PRELIMINARY STATEMENT

John’s wife Janice was killed by one or both of the 75 mcg/hour Duragesic prescription pain patches (the “DiCosolo Patches”) that she used on the night she died. One or both of the DiCosolo Patches killed Janice by giving her a lethal fentanyl level that was sixteen times higher than a properly functioning patch should have given her.

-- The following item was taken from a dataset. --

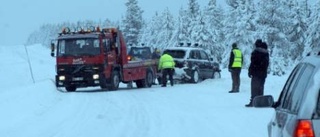 Bil blockerade Silvervägen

The evidence in this case demonstrates that the Drug Companies responsible for Janice’s death used substandard manufacturing and quality control practices, failed to use safer alternative designs, ignored internal whistleblowers, and failed to warn doctors and their patients of the known dangers associated with the numerous leaking and otherwise defective patches they manufactured and sold.

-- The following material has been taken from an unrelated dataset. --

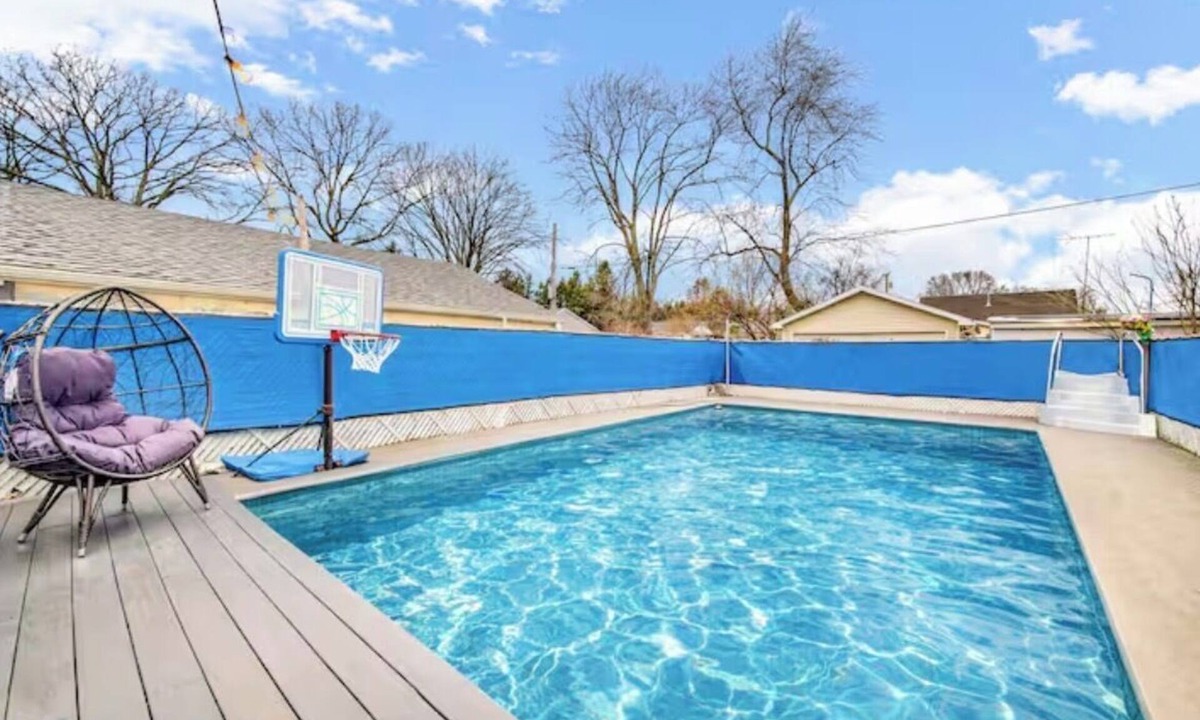 Michigan City Villa | Amazing! 4BDR 5min To Lake With Privet Pool And Heater enjoy!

John sued the Drug Companies that caused his wife’s wrongful death and asserted claims against them for manufacturing defects, design defects, failures to warn, and negligence. The Drug Companies have urged seven grounds for summary judgment, and are asking this Court to dismiss all of John’s claims against them, with prejudice.

First, the Drug Companies argue that they are entitled to summary judgment on John’s manufacturing-defect claim because there is allegedly no evidence that the DiCosolo Patches suffered from a non-specific manufacturing defect. To the contrary, the toxic amount of fentanyl in Janice’s body (approximately sixteen times higher than expected) is evidence that one or both of the DiCosolo Patches failed to perform as expected—especially since it is undisputed that Janice did not use the defective patches in an abnormal or unintended manner. Moreover, John has produced evidence negating any secondary causes of the fatal fentanyl level found in Janice’s blood.

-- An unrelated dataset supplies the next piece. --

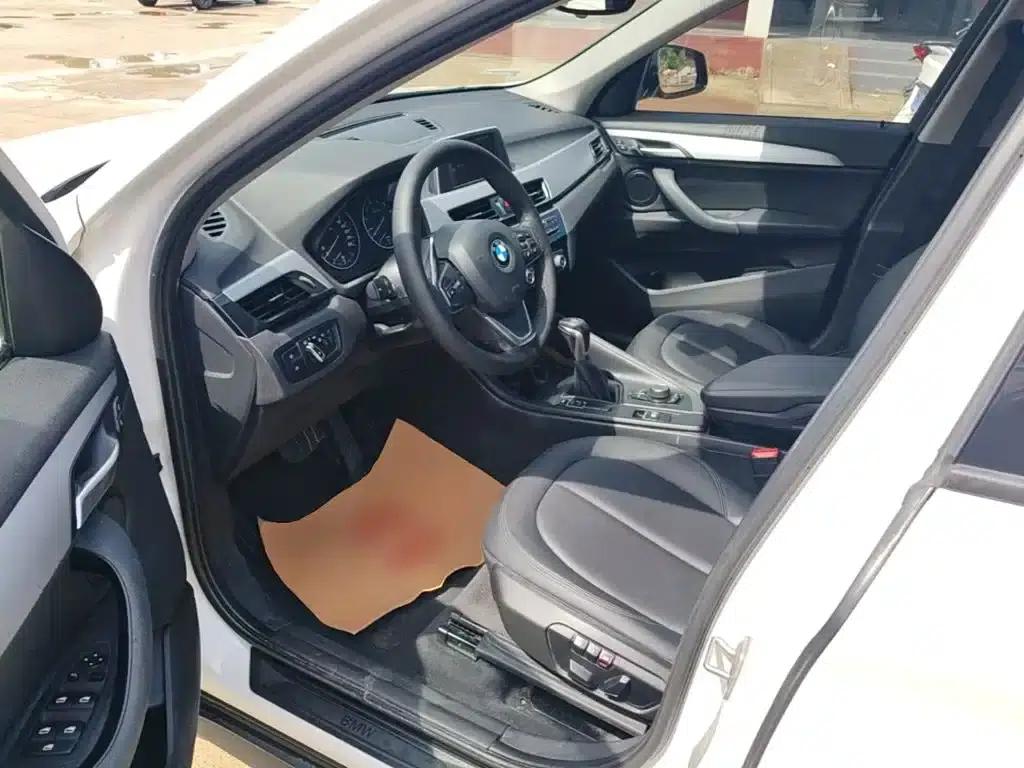 BMW X1 2016 sDrive18Li Fashion Edition — миниатюра 12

Second, the Drug Companies argue that they are also entitled to summary judgment on John’s manufacturing-defect claim because there is allegedly no evidence that the DiCosolo Patches suffered from a specific manufacturing defect. To the contrary, there is both direct and circumstantial evidence that a specific manufacturing defect caused at least one of Janice’s patches to leak. For example, it is undisputed that the patches Janice used on the night she died came from one of five lots recalled by the Drug Companies after they learned that several defective Duragesic patches in those lots leaked fentanyl gel. Moreover, the night Janice died, John actually saw a slick film on her skin underneath the area previously covered by another patch. John’s experts have testified that the film he saw was most likely fentanyl gel from a defective Duragesic patch, and that the most reasonable explanation for Janice’s fatal fentanyl level is a leaking patch.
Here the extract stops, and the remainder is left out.